▶ _RECORDS SHOWN_:
"""

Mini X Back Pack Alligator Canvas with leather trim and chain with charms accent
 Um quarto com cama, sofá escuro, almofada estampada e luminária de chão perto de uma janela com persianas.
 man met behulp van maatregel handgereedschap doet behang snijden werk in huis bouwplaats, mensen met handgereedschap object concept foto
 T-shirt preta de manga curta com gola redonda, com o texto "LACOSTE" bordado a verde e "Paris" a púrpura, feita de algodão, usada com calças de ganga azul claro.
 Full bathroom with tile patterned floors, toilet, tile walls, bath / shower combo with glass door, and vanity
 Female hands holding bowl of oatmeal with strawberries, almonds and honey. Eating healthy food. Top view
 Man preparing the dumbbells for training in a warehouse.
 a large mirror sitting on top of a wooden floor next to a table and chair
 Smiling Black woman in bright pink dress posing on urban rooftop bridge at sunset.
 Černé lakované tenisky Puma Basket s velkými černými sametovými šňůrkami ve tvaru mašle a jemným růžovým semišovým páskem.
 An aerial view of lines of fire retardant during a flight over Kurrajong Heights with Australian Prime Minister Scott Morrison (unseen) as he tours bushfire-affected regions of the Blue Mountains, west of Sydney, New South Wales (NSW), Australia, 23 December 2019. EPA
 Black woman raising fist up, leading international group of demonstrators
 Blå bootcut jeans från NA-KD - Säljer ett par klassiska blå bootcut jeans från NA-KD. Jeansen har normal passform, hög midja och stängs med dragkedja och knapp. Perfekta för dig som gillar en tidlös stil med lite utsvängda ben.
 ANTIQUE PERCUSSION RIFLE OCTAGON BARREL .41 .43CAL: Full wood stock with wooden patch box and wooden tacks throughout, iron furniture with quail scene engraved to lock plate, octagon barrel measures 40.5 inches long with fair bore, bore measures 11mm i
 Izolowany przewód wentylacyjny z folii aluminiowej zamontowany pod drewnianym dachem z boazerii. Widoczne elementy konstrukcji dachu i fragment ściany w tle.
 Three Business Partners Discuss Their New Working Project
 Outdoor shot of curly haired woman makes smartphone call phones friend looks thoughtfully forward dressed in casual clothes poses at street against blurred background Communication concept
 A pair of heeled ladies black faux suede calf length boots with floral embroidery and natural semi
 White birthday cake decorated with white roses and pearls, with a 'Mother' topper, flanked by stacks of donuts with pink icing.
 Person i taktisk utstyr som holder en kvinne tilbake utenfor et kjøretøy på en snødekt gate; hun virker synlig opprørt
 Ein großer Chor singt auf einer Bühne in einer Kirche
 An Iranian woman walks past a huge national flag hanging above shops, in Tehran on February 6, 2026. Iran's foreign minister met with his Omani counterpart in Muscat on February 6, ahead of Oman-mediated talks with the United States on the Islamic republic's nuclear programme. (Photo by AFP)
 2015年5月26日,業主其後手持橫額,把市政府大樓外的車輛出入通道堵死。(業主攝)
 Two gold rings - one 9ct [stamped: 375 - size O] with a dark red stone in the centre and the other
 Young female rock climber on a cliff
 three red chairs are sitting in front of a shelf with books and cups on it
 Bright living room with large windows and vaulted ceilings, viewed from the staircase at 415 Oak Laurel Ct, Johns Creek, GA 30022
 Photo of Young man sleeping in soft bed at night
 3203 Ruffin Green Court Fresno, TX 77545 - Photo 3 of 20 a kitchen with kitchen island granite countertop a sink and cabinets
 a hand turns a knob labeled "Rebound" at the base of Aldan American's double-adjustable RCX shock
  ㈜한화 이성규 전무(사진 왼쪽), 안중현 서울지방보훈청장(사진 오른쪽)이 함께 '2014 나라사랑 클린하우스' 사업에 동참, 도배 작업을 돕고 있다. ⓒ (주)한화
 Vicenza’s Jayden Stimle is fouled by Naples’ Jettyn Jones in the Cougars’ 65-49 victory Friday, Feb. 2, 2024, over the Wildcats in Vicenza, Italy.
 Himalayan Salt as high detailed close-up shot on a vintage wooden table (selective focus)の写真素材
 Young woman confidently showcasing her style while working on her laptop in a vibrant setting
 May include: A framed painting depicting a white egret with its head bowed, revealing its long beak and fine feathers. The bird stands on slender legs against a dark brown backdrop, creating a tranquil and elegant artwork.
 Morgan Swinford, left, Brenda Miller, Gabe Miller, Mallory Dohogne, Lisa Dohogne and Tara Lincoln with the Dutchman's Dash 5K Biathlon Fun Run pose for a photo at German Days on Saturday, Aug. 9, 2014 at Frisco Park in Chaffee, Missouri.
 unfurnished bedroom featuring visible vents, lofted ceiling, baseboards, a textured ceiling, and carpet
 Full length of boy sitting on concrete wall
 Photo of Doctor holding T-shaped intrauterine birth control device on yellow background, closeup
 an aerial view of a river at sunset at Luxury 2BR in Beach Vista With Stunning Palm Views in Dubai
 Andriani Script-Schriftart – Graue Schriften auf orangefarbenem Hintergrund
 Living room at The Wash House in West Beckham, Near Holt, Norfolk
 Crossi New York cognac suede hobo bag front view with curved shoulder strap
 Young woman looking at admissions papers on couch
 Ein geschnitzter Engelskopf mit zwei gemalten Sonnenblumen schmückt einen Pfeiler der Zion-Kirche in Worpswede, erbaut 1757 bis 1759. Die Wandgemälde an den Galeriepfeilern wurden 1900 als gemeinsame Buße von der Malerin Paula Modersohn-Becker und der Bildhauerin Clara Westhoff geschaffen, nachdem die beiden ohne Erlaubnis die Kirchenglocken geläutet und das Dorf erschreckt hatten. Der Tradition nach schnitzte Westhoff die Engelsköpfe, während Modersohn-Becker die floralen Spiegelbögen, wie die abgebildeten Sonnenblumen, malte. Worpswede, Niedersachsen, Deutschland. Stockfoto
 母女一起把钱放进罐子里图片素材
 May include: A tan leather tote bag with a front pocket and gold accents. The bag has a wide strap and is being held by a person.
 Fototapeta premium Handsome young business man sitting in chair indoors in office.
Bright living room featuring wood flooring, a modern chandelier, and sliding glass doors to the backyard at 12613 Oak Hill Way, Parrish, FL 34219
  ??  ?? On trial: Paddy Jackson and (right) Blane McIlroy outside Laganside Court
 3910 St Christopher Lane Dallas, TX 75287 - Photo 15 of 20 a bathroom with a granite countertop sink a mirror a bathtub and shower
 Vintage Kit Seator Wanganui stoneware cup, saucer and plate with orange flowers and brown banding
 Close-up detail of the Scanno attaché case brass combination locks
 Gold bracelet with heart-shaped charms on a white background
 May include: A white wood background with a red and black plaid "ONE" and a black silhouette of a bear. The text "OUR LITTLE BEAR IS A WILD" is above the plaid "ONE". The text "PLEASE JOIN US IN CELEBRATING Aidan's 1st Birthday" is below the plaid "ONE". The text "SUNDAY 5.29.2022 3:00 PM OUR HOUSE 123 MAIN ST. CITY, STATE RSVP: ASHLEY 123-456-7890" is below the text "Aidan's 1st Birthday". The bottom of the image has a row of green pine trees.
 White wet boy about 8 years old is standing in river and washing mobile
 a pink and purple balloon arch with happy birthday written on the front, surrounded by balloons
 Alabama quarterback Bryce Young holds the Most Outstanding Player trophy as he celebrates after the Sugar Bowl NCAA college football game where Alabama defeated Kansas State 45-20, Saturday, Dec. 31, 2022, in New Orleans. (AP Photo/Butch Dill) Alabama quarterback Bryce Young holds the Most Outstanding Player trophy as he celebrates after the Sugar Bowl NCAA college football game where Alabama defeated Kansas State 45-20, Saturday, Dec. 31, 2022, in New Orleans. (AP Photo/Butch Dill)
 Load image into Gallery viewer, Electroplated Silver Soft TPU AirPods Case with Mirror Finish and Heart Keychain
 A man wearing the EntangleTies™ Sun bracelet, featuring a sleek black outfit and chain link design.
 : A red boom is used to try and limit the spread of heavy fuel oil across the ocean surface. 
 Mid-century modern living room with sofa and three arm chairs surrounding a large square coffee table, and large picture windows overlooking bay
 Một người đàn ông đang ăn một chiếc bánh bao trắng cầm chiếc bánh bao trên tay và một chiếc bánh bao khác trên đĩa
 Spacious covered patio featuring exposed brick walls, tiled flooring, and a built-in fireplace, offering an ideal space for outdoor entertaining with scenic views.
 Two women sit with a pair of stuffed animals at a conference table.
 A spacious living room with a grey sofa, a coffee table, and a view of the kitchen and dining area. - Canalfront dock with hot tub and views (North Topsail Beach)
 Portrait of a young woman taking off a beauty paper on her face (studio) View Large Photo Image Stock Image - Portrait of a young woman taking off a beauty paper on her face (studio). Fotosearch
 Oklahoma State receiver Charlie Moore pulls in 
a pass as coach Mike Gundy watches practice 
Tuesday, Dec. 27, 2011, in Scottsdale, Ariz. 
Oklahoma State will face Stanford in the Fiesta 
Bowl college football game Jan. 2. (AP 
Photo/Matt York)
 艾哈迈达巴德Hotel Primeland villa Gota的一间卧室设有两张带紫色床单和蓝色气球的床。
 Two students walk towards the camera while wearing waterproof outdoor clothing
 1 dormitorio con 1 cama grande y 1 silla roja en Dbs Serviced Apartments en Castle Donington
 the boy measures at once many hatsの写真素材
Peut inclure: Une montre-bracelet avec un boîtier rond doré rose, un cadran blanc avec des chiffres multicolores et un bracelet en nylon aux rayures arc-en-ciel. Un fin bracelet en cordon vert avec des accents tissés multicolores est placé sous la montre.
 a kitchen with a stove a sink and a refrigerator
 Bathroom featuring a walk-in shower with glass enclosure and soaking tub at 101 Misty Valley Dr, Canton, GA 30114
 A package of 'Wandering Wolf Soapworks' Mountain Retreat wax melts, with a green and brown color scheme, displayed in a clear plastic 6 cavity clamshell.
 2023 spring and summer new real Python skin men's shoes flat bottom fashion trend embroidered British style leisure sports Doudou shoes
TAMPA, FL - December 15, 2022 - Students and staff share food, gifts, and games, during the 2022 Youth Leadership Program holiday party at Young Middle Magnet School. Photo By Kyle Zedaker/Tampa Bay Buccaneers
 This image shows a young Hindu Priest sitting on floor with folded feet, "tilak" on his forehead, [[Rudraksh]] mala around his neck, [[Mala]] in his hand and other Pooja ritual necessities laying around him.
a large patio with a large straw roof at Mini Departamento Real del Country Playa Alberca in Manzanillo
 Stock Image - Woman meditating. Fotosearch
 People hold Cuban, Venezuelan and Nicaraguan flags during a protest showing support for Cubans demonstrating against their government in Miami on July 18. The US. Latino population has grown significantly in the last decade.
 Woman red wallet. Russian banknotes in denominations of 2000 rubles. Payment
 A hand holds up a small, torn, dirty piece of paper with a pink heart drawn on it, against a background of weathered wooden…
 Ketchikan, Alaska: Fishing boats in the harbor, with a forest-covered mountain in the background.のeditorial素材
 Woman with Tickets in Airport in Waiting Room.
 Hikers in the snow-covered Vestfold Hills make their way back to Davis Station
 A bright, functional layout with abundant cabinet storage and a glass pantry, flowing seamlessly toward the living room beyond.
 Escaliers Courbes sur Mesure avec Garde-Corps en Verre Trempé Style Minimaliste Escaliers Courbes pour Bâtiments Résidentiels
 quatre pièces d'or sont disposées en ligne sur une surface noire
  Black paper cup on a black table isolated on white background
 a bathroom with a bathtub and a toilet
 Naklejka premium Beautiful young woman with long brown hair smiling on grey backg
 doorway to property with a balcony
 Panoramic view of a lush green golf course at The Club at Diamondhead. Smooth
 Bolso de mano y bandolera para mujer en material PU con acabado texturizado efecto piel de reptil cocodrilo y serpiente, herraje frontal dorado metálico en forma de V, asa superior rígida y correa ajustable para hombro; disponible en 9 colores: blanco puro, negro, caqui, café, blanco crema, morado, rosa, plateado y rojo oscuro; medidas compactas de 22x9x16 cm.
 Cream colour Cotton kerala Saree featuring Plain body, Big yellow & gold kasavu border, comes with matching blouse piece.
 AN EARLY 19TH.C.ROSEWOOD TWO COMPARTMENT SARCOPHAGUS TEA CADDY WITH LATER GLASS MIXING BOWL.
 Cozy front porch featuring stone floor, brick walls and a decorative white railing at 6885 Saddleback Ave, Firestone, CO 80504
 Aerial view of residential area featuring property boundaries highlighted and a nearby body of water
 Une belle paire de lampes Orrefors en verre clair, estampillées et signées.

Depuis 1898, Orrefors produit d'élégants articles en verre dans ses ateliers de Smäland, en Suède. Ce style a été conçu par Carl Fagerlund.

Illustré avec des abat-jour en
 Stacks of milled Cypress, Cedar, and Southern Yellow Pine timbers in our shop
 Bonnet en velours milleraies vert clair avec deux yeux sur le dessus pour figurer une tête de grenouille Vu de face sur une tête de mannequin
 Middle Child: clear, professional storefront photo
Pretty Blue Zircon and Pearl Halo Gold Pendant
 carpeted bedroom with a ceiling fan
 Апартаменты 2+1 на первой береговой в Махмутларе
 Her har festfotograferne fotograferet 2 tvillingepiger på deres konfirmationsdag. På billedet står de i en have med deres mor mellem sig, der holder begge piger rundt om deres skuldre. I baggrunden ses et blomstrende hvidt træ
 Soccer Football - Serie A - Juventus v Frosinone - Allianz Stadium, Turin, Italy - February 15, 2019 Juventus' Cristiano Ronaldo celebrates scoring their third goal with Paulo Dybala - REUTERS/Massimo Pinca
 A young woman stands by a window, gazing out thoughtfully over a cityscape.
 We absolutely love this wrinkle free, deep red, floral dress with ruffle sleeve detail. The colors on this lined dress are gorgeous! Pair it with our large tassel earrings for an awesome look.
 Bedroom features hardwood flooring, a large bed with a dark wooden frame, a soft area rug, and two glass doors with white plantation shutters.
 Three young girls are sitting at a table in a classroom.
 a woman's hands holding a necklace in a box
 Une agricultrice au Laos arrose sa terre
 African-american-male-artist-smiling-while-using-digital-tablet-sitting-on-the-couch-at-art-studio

"""

▶ _TASK REQUIREMENTS_:
The exercise is to copy out every line above that has the word "sink" in it.

▶ _ANSWER TO THIS PROBLEM_:
 3203 Ruffin Green Court Fresno, TX 77545 - Photo 3 of 20 a kitchen with kitchen island granite countertop a sink and cabinets
 3910 St Christopher Lane Dallas, TX 75287 - Photo 15 of 20 a bathroom with a granite countertop sink a mirror a bathtub and shower
 a kitchen with a stove a sink and a refrigerator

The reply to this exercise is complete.